The high street retailer, which includes a toy department among both its in store and online offerings, is reportedly seeking cost-cutting and restructuring options right across the business. Advisers from Teneo have been engaged to assess options for the retailer.
Factors including rising inflation, delivery delays, supply challenges and store closures during the Queen’s funeral have all combined to affect Wilko’s business.
Wilko has recently deferred payments to suppliers to protect its cash flow; the company has informed suppliers that bills due to be paid between 11th September and 8th October would be made in the following month.
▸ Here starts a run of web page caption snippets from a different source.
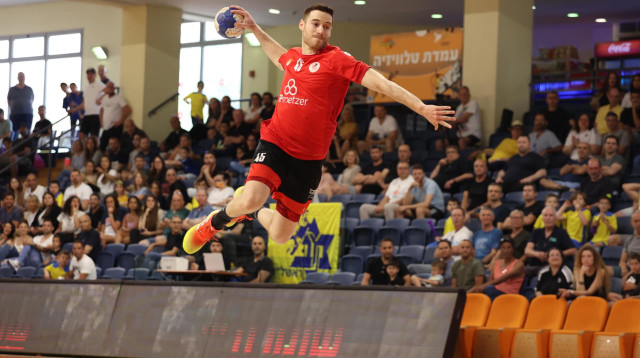ניצחון גדול לאשדוד. שחר לוין (צילום: אתר רשמי, משה דהן, הפועל אשדוד)
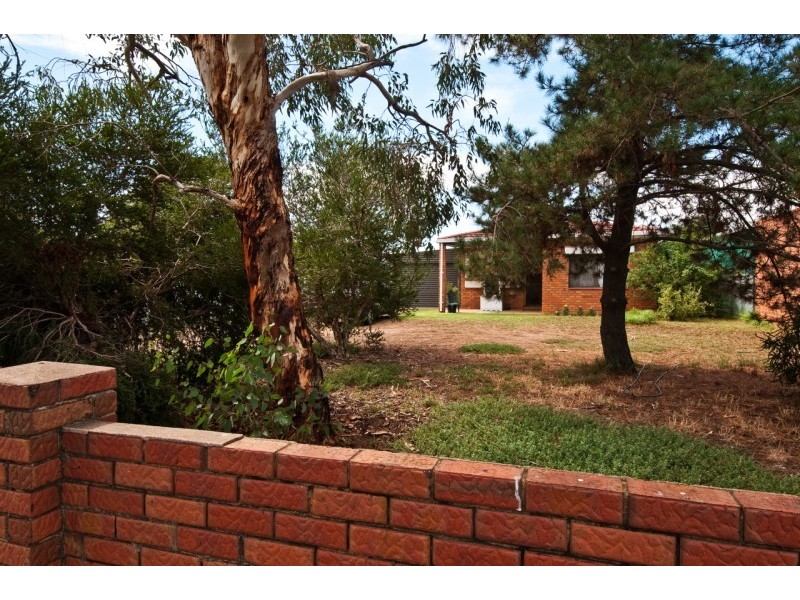 1 Alfreda Street, Athol Park SA 5012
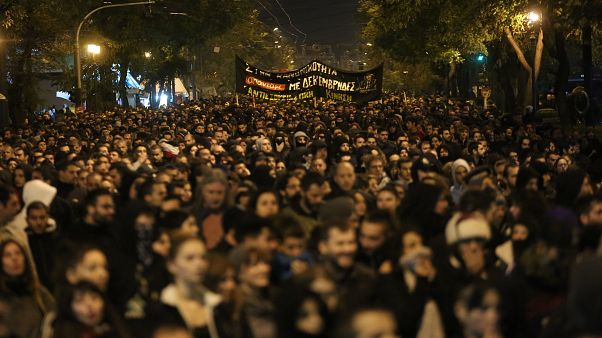 Διαδηλωτές κρατώντας πανό συμμετέχουν στην πορεία για τα 11 χρόνια από την δολοφονία του Αλέξανδρου Γρηγορόπουλου Διαδηλωτές κρατώντας πανό συμμετέχουν στην πορεία για τα 11 χρόνια από την δολοφονία του Αλέξανδρου Γρηγορόπουλου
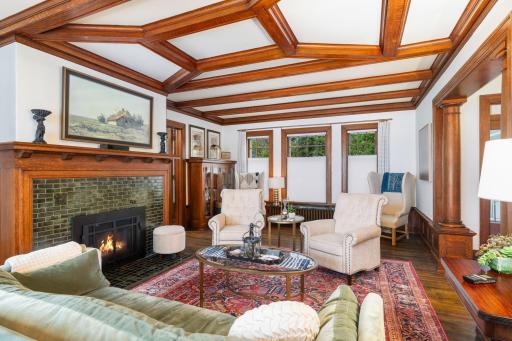 4512 London Road, Duluth, MN 55804
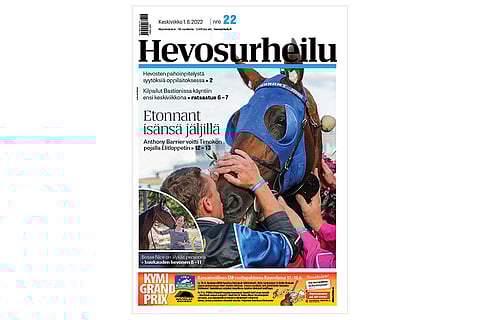 Häikäisevä Etonnant voitti Elitloppetin ja sai suukon.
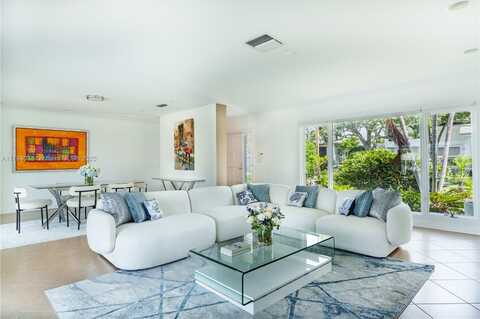 3080 NE 43rd St, Fort Lauderdale, FL 33308
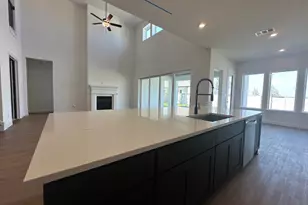 914 Groundwater Wy, League City, TX 77546 - Photo 4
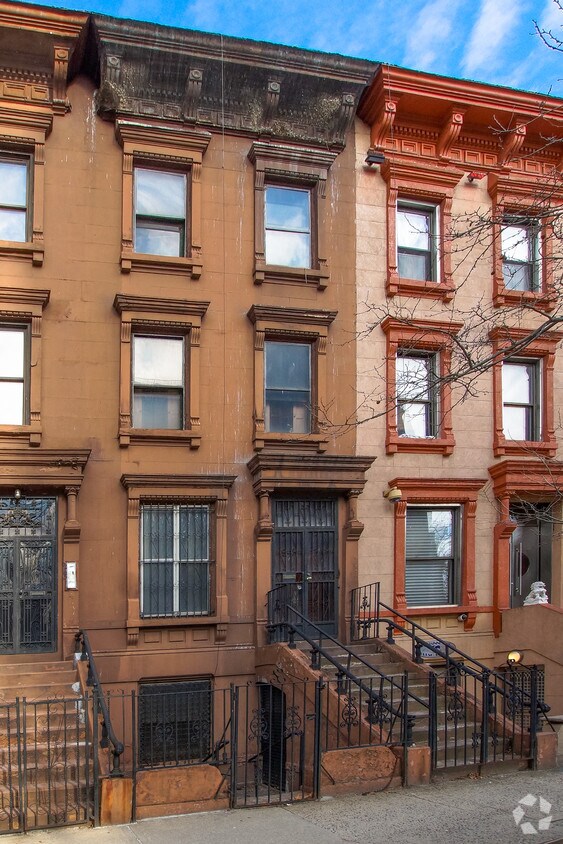 Foto del edificio - 261 W 131st St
Wilko has also altered its terms so that suppliers will be paid in a minimum of 60 days, saying that the changes reflect a shift in the wider retail industry standard from monthly payments to every six weeks.
Wilko brought in experts from Interpath Advisory to refinance its £37.5m revolving credit facility earlier this year and has closed 15 stores so far this year.
This was a result of failing to agree more favourable lease terms with existing landlords, and a fresh approach to store locations and formats. At this time, Wilko’s chief executive, Jerome Saint-Marc, commented: “We’ll continue to pull together to make our business better, to secure the future of over 16,000 team members. We apologise to those communities where stores are closing.”